-- Opening Marker --

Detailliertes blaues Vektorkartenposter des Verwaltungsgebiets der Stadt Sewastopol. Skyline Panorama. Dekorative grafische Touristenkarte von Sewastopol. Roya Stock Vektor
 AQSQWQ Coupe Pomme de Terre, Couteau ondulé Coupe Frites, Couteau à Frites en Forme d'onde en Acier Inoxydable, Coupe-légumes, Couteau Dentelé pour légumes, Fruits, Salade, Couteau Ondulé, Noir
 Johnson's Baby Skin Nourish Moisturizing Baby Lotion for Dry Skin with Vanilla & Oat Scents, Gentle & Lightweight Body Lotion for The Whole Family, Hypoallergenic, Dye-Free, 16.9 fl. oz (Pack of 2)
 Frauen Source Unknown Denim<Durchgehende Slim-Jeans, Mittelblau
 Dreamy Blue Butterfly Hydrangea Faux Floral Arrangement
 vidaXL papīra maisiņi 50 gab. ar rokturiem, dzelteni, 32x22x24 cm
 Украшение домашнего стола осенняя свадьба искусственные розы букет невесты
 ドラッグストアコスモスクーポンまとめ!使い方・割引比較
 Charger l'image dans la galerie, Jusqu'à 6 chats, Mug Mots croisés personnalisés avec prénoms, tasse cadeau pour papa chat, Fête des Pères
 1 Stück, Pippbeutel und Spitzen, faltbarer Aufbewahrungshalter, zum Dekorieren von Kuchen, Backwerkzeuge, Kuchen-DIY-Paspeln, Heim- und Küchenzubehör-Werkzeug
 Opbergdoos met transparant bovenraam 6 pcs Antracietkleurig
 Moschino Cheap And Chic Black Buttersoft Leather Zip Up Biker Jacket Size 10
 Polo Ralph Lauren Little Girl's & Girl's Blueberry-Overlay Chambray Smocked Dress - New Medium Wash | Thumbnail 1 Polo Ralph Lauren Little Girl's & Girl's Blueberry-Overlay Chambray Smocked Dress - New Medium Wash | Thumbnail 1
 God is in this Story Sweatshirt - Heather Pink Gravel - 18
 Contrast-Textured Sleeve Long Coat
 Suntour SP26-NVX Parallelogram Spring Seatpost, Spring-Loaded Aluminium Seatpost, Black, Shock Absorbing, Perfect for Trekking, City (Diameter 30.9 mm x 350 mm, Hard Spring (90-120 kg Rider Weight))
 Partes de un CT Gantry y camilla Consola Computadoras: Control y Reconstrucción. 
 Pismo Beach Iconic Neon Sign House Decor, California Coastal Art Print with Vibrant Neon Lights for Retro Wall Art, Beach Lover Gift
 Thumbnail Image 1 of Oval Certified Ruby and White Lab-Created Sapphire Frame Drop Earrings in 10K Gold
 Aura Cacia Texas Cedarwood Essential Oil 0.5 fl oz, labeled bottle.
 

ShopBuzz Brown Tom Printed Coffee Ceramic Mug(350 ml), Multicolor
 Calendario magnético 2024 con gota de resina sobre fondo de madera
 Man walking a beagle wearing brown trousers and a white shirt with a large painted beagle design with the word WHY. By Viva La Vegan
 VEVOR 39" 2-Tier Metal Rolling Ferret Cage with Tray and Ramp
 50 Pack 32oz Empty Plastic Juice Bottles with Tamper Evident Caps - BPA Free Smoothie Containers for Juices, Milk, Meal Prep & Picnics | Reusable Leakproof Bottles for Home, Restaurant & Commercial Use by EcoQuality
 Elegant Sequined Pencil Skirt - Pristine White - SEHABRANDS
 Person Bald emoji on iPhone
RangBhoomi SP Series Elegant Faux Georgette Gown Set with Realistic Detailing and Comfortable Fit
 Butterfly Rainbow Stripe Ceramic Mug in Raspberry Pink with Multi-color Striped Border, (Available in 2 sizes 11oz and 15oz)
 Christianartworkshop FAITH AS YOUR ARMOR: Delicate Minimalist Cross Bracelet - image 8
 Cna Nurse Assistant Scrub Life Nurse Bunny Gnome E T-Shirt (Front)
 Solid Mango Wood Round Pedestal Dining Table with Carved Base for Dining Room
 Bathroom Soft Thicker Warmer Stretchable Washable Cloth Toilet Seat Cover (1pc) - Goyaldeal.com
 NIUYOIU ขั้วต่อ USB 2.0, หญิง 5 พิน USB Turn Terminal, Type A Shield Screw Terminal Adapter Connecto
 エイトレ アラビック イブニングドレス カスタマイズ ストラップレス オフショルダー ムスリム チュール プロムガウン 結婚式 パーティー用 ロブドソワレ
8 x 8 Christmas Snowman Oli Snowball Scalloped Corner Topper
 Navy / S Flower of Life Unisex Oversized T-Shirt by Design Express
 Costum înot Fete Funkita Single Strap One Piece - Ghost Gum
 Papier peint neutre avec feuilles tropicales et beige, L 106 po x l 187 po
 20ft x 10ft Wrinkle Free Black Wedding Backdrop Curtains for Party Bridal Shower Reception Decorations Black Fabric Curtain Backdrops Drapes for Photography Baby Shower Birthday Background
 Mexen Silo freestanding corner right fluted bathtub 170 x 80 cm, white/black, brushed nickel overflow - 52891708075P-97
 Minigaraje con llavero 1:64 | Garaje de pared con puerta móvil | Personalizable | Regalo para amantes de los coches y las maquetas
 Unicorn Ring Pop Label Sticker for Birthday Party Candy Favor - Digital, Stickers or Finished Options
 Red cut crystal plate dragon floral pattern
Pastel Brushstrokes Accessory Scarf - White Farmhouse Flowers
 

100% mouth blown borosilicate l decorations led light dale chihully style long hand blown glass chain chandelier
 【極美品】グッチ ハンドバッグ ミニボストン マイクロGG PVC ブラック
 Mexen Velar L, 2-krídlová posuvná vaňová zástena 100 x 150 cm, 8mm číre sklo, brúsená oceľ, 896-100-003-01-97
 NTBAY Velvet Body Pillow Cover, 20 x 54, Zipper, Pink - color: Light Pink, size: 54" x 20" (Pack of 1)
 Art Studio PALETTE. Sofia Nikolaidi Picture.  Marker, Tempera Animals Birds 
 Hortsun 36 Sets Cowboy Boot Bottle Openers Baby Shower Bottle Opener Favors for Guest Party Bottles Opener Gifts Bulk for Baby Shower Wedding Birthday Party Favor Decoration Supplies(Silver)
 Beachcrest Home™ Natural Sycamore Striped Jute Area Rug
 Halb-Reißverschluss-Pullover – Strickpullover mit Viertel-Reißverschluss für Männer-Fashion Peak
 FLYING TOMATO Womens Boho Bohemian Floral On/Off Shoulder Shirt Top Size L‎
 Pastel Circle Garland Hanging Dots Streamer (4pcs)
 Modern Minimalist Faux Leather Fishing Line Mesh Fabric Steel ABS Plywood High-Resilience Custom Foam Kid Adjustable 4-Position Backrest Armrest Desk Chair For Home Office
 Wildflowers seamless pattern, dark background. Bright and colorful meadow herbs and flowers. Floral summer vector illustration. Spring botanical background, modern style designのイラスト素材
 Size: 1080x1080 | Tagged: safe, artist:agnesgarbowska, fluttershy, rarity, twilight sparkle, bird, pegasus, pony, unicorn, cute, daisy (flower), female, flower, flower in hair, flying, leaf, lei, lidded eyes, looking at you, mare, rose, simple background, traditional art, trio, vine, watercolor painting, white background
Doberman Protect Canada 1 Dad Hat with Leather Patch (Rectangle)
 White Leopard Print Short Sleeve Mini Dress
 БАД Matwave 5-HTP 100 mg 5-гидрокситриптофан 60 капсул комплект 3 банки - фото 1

-- Closing Marker --

From the records above, retype only the lines starting at the line that contains "Johnson's Baby Skin" and ending at the line that contains "Frauen Source Unknown", both included.

 Johnson's Baby Skin Nourish Moisturizing Baby Lotion for Dry Skin with Vanilla & Oat Scents, Gentle & Lightweight Body Lotion for The Whole Family, Hypoallergenic, Dye-Free, 16.9 fl. oz (Pack of 2)
 Frauen Source Unknown Denim<Durchgehende Slim-Jeans, Mittelblau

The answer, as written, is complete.